A concerted switch to a low-carbon economy could create enough construction jobs alone by 2050 to hire everyone unemployed in the country today, a new report from the Columbia Institute estimates.
The B.C.-based think tank investigated the potential on behalf of Canada’s Building Trades Unions (CBTU) alliance and its 14 member organizations. “A low-carbon economy could create almost four million direct building trades jobs by 2050—and that’s a conservative estimate,” The Tyee reports. “These jobs include boilermakers, electrical workers, insulators, ironworkers and masons.”
According to the federal government, slightly fewer than 1.4 million people were unemployed in the country last year.
The Jobs for Tomorrow—Canada’s Building Trades and Net Zero Emissions report finds that “new eco-friendly construction and retrofitting could create almost two million direct non-residential construction jobs.” Building out the electrical grid to tie together clean energy sources, including “hydroelectric, wind, solar, geothermal and tidal power generation, and legacy nuclear” would create more than 1.1 million additional construction jobs.” Tying half of the country’s cities into efficient district heating and power grids would employ another half-million construction workers, while expanding urban transit would occupy a quarter of a million more workers to mid-century.
The new findings provide Canadian context to the mounting evidence that clean energy is creating a global jobs boom. Internationally, “investments of 2% of Gross Domestic Product in the green economy in 12 countries could create up to 48 million new jobs” over the next half-decade, the Institute writes, citing the International Trade Union Confederation.
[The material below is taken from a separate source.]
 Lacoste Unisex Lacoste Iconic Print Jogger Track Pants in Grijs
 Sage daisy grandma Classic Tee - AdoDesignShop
Clean energy already employs more Americans than fossil production in almost every U.S. state, and is creating more than twice as many new jobs across the country, an analysis by the Sierra Club determined. Worldwide, the International Renewable Energy Agency reported in May, renewable energy employed 9.8 million people last year—a number set to more than double to 24 million by 2030.
What is ‘legacy nuclear’?
Thanks for asking. That refers to nuclear plants in place now that the report assumes would still be in use after the grid has shifted to a predominantly renewable electricity mix.